The Brandeis faculty, both those with an interest in the school’s Jewish mission and those involved with its outreach to the wider community, are pleased with Lawrence’s appointment, said Jonathan Sarna, longtime professor of American Jewish history at the school.

“All the people I’ve spoken to are thrilled. He ‘gets’ Brandeis,” Sarna said. “The Jewish studies people look at his strong Jewish credentials, his interest in Jewish life, his record of service to Jewish organizations.”

People at Brandeis with a primary interest in human rights activities say, “This is a man who wrote the book on human rights, this is a man who really reflects the interest in social justice that Brandeis University is committed to,” Sarna said.

Andy Hogan, a Brandeis student who served on the Presidential Search Committee, was quoted by the Brandeis Justice, a campus newspaper, as calling Lawrence’s background a good sign for ties between students and the administration.

“He really likes to get to know the students, and he knows that we have insights that will help him in his job,” Hogan told the publication, “and I think it’s going to be a good relationship.”

Brandeis, which was established in 1948, when Ivy League universities and other leading American colleges had Jewish quotas, formerly had a majority-Jewish student body. Today, an estimated half of the 3,100 undergraduates are Jewish.

Brandeis, which drew criticism for the diminishing Jewish character of the school — an optional kosher meal plan, for example, is available — a generation ago, took steps under Reinharz to reverse that trend, strengthening its Jewish studies department and enhancing the school’s overall reputation as a top research center, Lawrence says.

In its early days, Brandeis attracted students both for “positive” (its academic standards and Jewish milieu) and “negative” (quotas that kept top Jewish students out of other school) reasons, he says.

Quotas are long gone. “Now, there’s just a positive aspect” — Jewish students apply to Brandeis, he says, because they want to, not because they have to.

“The scholarship of the school will [be decisive] … in the kids of students we are trying to attract,” he told JTA. “It will be a place [where] Jewish students will have a particular kind of home.”

Lawrence, a Yale Law School graduate, says he was approached by the Brandeis Board of Trustees shortly after Reinharz announced his plans to step down. “The more questions I asked, the more interested I became.”

He points to the school’s Four Pillars “ethos,” which include Jewish sponsorship, an openness to all faiths and a commitment to social justice.

“I look at the Four Pillars and I see my life,” Lawrence says. “I am inspired by Brandeis’ history as an institution that embodies what makes America great. The opportunity to lead Brandies is not merely a professional appointment. It is a calling.”

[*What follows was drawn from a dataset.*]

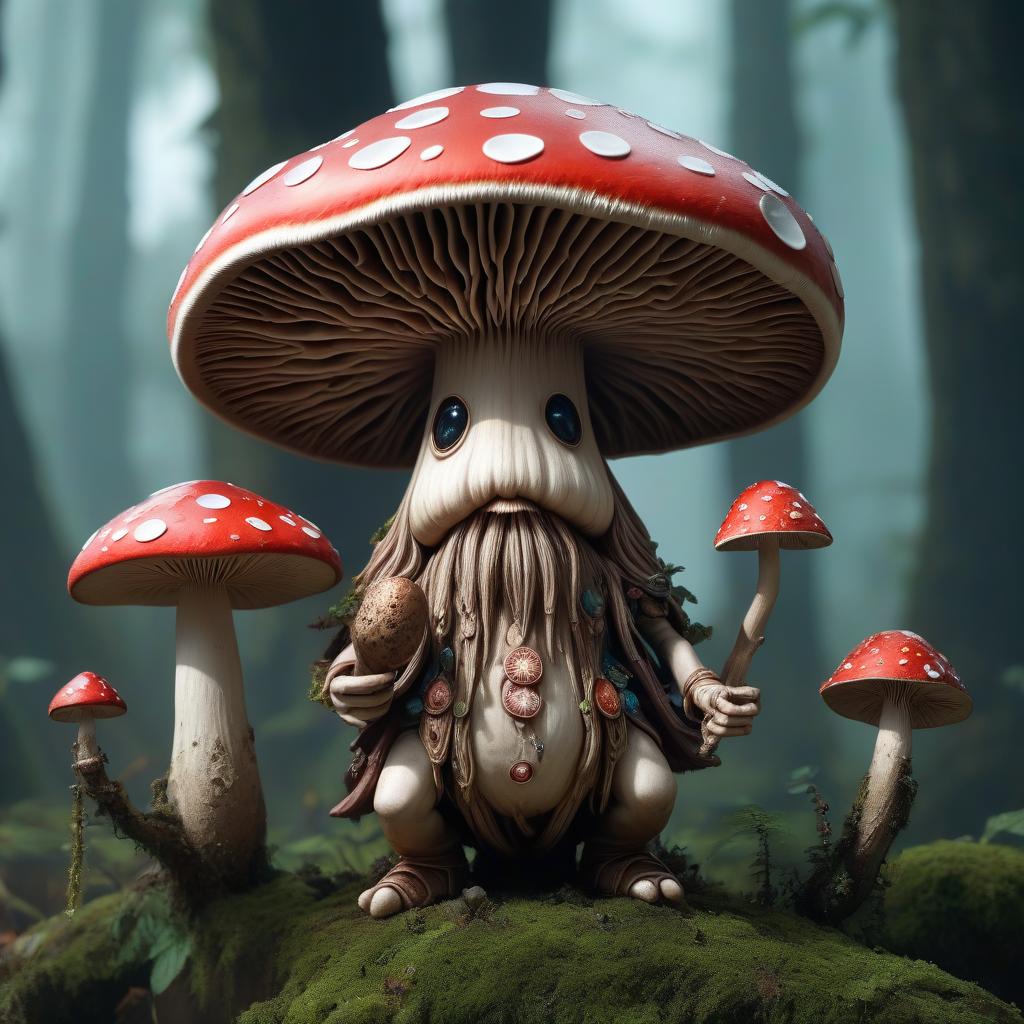  breathtaking humanoid mushroom, druid . award winning, professional, highly detailed, hkmagic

Before going to George Washington University, Lawrence taught at the Boston University School of Law, serving three years as associate dean of students; he earlier worked as clerk to Judge Amalya Kearse of the Second Circuit U.S. Court of Appeals, and as assistant U.S. Attorney for the Southern District of New York under Rudolph Giuliani.

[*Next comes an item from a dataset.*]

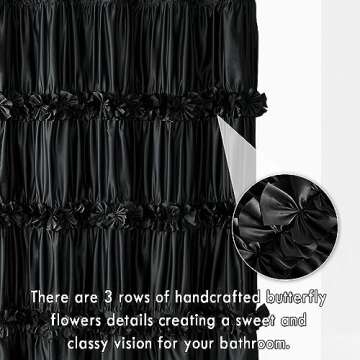 Homechoice Decor Black Ruffle Shower Curtain, Vintage Handcrafted Bow Tie Bath Curtain for Master Ba...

An expert on hate crimes, he was a member of the Massachusetts attorney general’s Hate Crimes Task Force, and chairman of the Anti-Defamation League’s national legal affairs committee. He is the author of “Punishing Hate: Bias Crimes Under American Law” (Harvard University Press, 1999) and last year edited one of five volumes of the treatise “Responding to Hate Crime.”

In 2004 Lawrence was a member of the U.S. delegation to the meeting of the Organization of Security and Cooperation in Europe, and in 2008 delivered the keynote address on hate crime law enforcement at the OSCE meeting.

His family belonged to a Reform congregation, but Lawrence, who calls himself traditionally oriented “Conservadox,” was a member of Kesher Israel, a prominent Orthodox synagogue, while he was living in Washington.

During his previous tenure in Boston, he regularly attended a Talmud class, he says; a trained singer, he frequently leads congregational prayers in shul and delivers a dvar Torah on Shabbat.

At Brandies, Lawrence says he hopes to return to the classroom, maybe teaching a course each semester.

He’s not looking beyond the Brandeis presidency. “This is a challenge,” he says. “I can see running with this for a long period of time.”